Pregnancy and you blog
When I was a child playing house with my friends, I knew exactly what I wanted my grown-up life to be like. I'd be married to a tall, handsome pop singer (not telling which one — it would date me too much). We'd have four children, two boys and two girls with two years between each child. Out of that lovely fantasy, one thing came true. I got married.
I'm not sure why two years between children seemed like the perfect pregnancy spacing in my 9-year-old imagination. As an adult who started having children a little later in life, two years seemed too long between babies — yet my second and third children are two and a half years apart. In the end, pregnancy spacing is often based on a combination of personal preference and luck. You might want to space your babies close together so you get the diapers and child care done earlier. You might want to space them further apart so you can enjoy the specific stages of growth and development with each child before you introduce another child. Sometimes you get pregnant sooner than you thought you would or long after you hoped you would.
When you're planning your next pregnancy, you have many things to consider:
- Your health. Has your body completely recovered from pregnancy and birth? It can take a year or even longer to develop stores of essential nutrients that may have been depleted during pregnancy and breast-feeding.

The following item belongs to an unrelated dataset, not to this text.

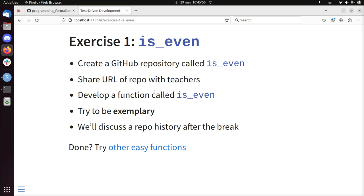Develop this function is_even using test-driven development. And what is important, try to be exemplary. Really try to follow the red, green, blue part of the cycle. And every time you are at the blue part, push it to your GitHub repository.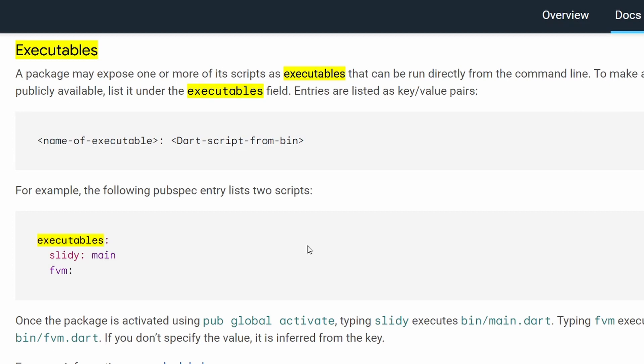And that's it. That's what the executables property is for in the pubspec file. It enables us to run our Dart scripts anywhere on the system. I hope this video helped you understand this feature or maybe just learn about something new that you didn't know that existence is possible in Dart and Flutter. If so, please like this video, subscribe to my channel and I see you next time. Until then, bye bye.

- Your children. How will another baby affect your older child or children? Some people space children close together, hoping that the kids will feel like best friends. Others space them further apart to make sure that each child gets individual attention or is more independent when the next one comes along.
- Your finances. What's the state of your budget? Having babies close together might get the drain of child care off the budget sooner, and it might be easier to focus on your career if the kids are all in school at the same time. On the other hand, spacing children further apart can give you more time to recover from the financial and emotional impact of pregnancy and early child care.
Finally, remember that things don't always go according to plan — so be flexible. In the end, the ideal spacing between children is what works for you and your family.